Assigned task:
Transcribe the stretch of entries below from the line with "5NPD84LF2JH238325 фото 10" through the line with "Custom Belgium Football", exactly and with both ends included; leave out all other lines.
━━━━━ Supplied entries ━━━━━
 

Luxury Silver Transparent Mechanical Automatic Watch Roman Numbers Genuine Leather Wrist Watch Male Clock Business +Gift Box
━━━━━
━━━━━ Supplied entries ━━━━━
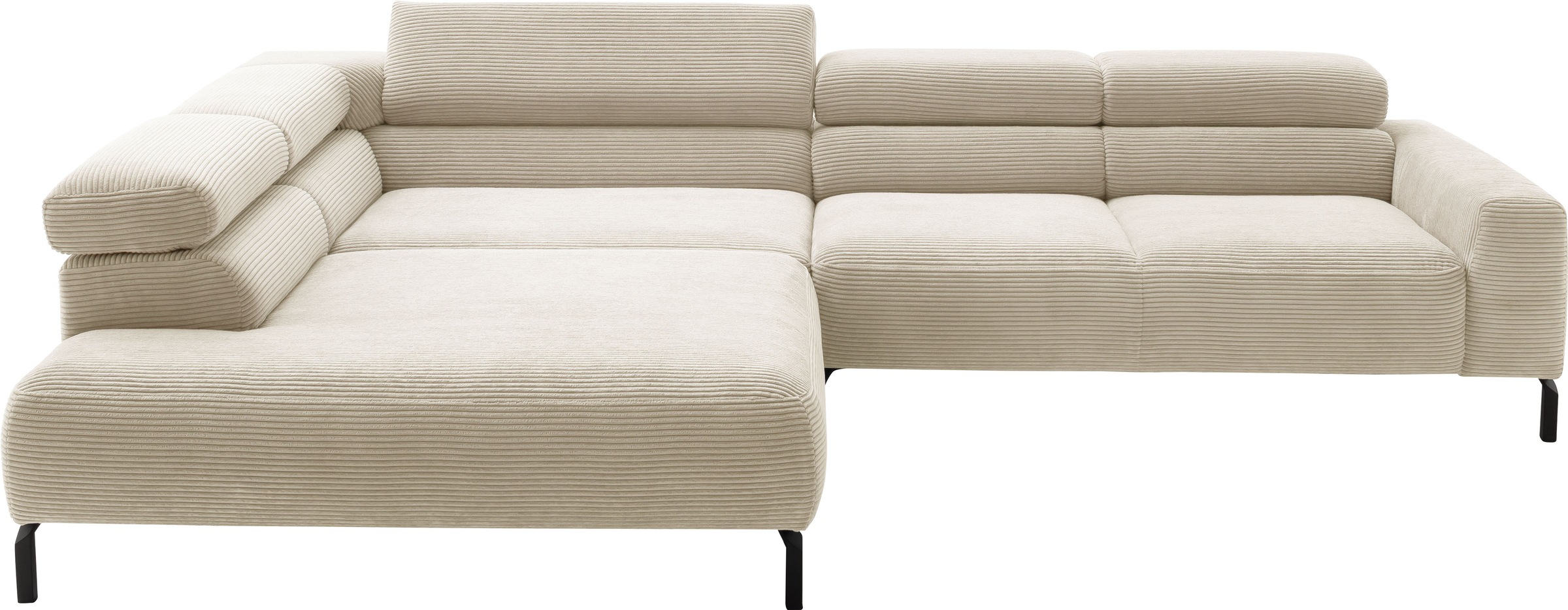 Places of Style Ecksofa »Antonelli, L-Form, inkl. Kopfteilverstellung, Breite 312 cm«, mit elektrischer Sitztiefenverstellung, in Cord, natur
━━━━━
━━━━━ Supplied entries ━━━━━
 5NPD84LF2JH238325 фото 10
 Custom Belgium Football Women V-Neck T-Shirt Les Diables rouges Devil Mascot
━━━━━
Result below:
 5NPD84LF2JH238325 фото 10
 Custom Belgium Football Women V-Neck T-Shirt Les Diables rouges Devil Mascot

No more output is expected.